We have made significant advancements beyond the state of the art in several areas:
1. Halogen Bonding in Dynamic Liquid Crystal Elastomers (Angewandte Chemie International Edition, 2023). This promising approach allows materials to respond to moderate energy inputs, such as heat from a human palm, and introduces self-healing properties. Looking ahead, we believe functionalization with halogen bonding to lead to liquid crystal elastomers without covalent crosslinking, an important step towards recyclability and reprocessing.
2. Multiresponsive and Multifunctional Actuators. We developed photochemical actuators that respond to light and magnetic fields (ACS Applied Materials & Interfaces, 2025), and light and humidity (Journal of Materials Chemistry B, 2024). We also designed systems that integrate shape memory programming with reversible actuation (Advanced Functional Materials, 2024) by combining permanent covalent and dynamic supramolecular crosslinks. Future work will extend these design principles to cholesteric liquid crystal elastomers to create materials with dynamic color-changing properties.
3. Light-Driven Toroidal Structures for Microscale Swimming (Nature Materials, 2024). Movement in viscous environments poses a significant challenge for microscopic organisms, as highlighted by Purcell’s Scallop Theorem. We introduced a solution to this challenge, toroidal LCN structure that leverage zero-elastic-energy-modes (ZEEMs) to achieve autonomous locomotion in various environments. These ZEEM-driven LCNs can move toward or away from light, whether on solid surfaces or in liquid media. Most notably, powered by continuous optical input, they exhibit untethered swimming in the Stokes regime, navigating with remarkable agility in three dimensions at a Reynolds number as low as 0.0001.
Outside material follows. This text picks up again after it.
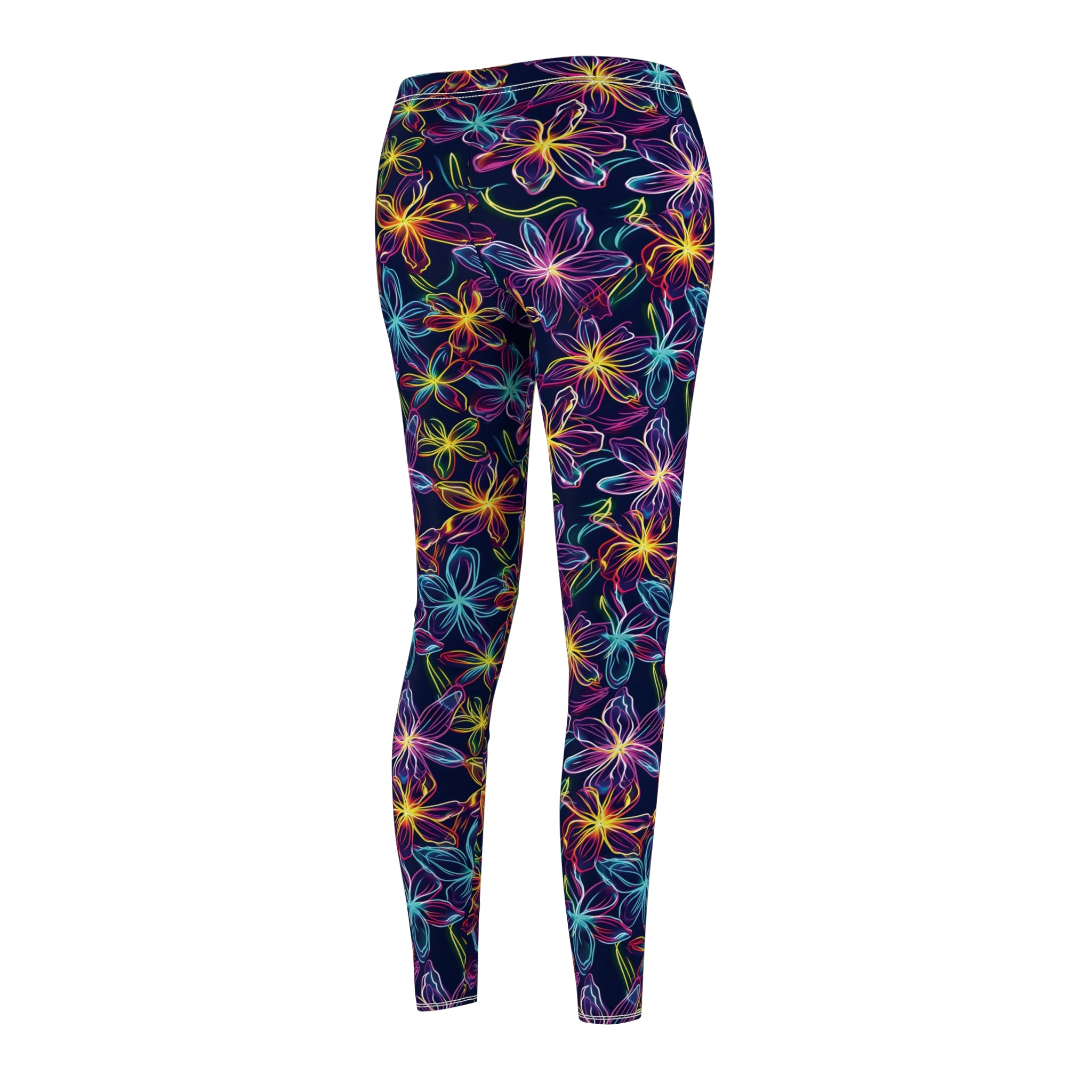 Women's Casual Leggings - Bright Neon Flowers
4. Photoswitching via Sensitized Isomerization (Science, 2023). One of the major challenges in photoswitchable compounds is the reliance on UV light to control molecular and material properties. In a collaboration led by Prof. Rafal Klajn, we developed an indirect sensitized isomerization method that eliminates this limitation, enabling efficient photoswitching with any visible, or even near-infrared, light. We recently integrated this approach, termed Disequilibration by Sensitization under Confinement (DESC), into polymers (unpublished), aiming to use low-energy light to precisely control their structure and functionality.